Residential properties: Waiting for Godot?

Home buyers – especially those buying for owner-occupation rather than investment – have frequently commented: “I want to wait for the next downturn before I purchase my home.”

They have been saying this for the past 12 to 18 months. Till today, they remain adamant about the impending downturn of the property sector. If they are lucky – lucky of the Big Sweep kind – a sharp downturn might come soon. Perhaps a perfect storm of external crises added on to an immense oversupply of completed units?

Imagine: Greece decides to default on its debt, European lenders stumble because they bought the bulk of the Greek debt and this in turn cripples US financial institutions because they insured European banks against Greece’s default. Consequently, Spain, Portugal and Italy are rushed into a financial ICU, global credit re-freezes, affecting even the conservative Asian banks. Global confidence sinks, employment shrinks in Singapore and property prices here fall because the fringe investors feel the jitters.

If such a scenario really occurs, the lucky potential home buyers who remain cash-rich may get a chance to buy on the cheap, say, perhaps 20 per cent below today’s prices – taking us back to levels of about 12 months ago, not 18 months ago.

But, has it been worth the wait? Let us begin with the basic facts. The Urban Redevelopment Authority’s (URA) Private Residential Property Price Index has climbed about 50 per cent in the last 18 months. On a year-on-year basis, the private residential index has shown growth every quarter for the last six quarters.

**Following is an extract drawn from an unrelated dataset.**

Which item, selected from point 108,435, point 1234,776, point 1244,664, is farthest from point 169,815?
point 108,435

Over the period of October 2009 till March this year, the Straits Times Index (STI) rose steadily as the economy expanded strongly. The booming economy created new jobs, increased wages and generated new wealth. Inflation rose faster than the strengthening Singapore dollar could help, hitting a three-year high of 5 per cent per annum due to global commodity shortages, food supply disruptions and roaring Certificate of Entitlement prices. The one key component in the whole equation that slithered downwards was interest rates.

Savings rates have been below 0.5 per cent per annum for the past two years. For the home buyers who have waited for the market dip since end-2009, not only have their Singapore dollars diminished in value due to inflation, they might have missed out on the 17-per-cent rise in the STI or the 50-per-cent rise in the private residential sector. Those who invested their cash in the Singapore stock market will still be down against those who invested in the private residential sector.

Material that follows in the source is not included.